Neighborhoods with a high number of low-income residents of color experience more intense heat island effects. This is not by chance, but is a result of deliberate, discriminatory housing policies that have impacted people of color, pushing them into vulnerable neighborhoods prone to extreme heat exacerbated by climate change.   

Extreme Heat Occurrence and Impacts 

A study of 108 U.S. urban areas found that formerly redlined neighborhoods are on average 4.5°F hotter than non-redlined neighborhoods. Redlining is a historic, discriminatory practice that involved lending institutions denying investment to neighborhoods primarily based on their racial or ethnic makeup, perpetuating economic disparities. Today, non-redlined neighborhoods tend to be cooler in times of extreme heat because they have denser tree canopies that help keep the area cool and protected from the sun, as well as less pavement and more green space. These disparities reflect decades of disinvestment and the disproportionate climate impacts in underserved communities. 

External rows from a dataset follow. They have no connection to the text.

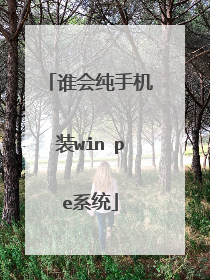 谁会纯手机装win pe系统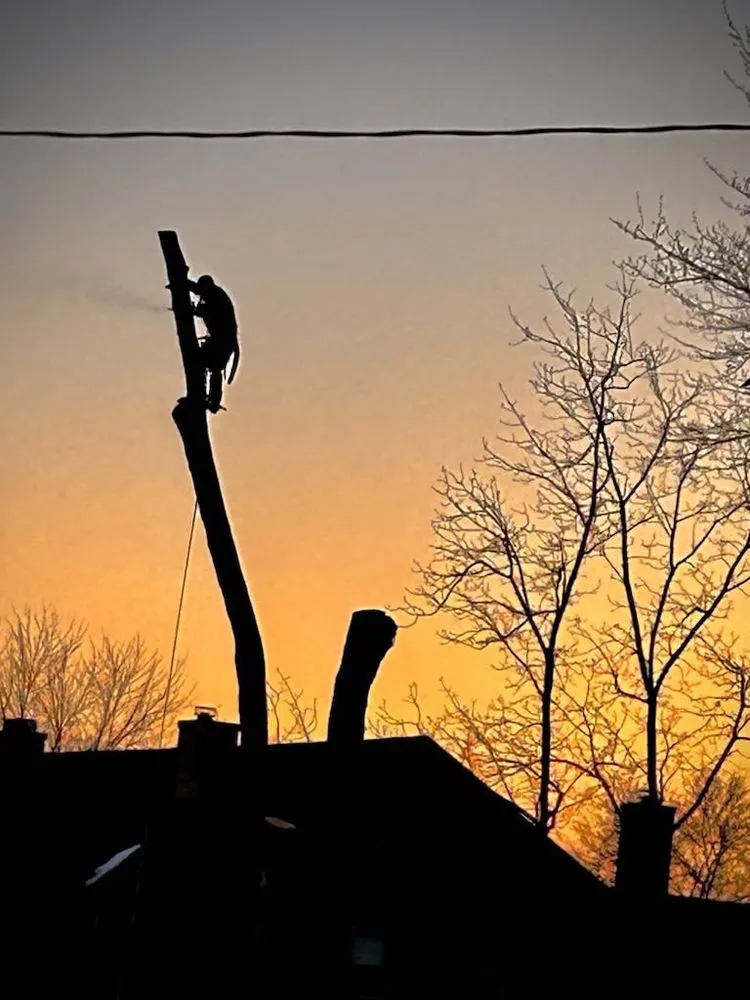 Trusted yard maintenance in Blue Springs, MO - Tree Kings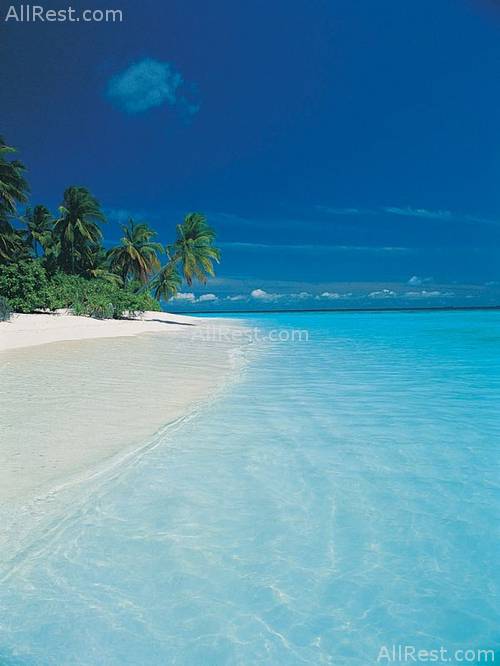 Vakarufalhi Island Resort 4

Heat risk map of west Philadelphia
Maps of West Philadelphia showcase how redlining practices intersect with current tree canopy coverage. Redlined neighborhoods (graded as “at risk” (D) in the map on the left) historically have lower tree canopy coverage compared to areas with higher grades. Uncover the impact of redlining on tree canopy coverage in your own city.


Extreme heat poses significant health risks to vulnerable populations including older adults, younger children, and individuals with pre-existing health conditions. During heat waves, urban heat islands intensify already heightened temperatures, amplifying the health risks. Heat-related illnesses – including respiratory difficulties, heat cramps, heat exhaustion, and non-fatal heat stroke – become more prevalent with prolonged exposure to such extreme conditions. The prevalence of these heat-related illnesses has led to an increase in heat-related mortality, making heat waves the deadliest weather-related hazard in the U.S.  

Reducing Extreme Heat with Enterprise Green Communities 

Investing in climate-ready housing strategies can mitigate these risks. Enterprise Green Communities, a certification program created by and for affordable housers, offers cost-effective measures for developers to build sustainable, resilient, healthy, and efficient homes. By certifying to Green Communities, developers implement strategies that mitigate urban heat island effects and create homes more resistant to the impacts of a warming climate, protecting both residents and properties. 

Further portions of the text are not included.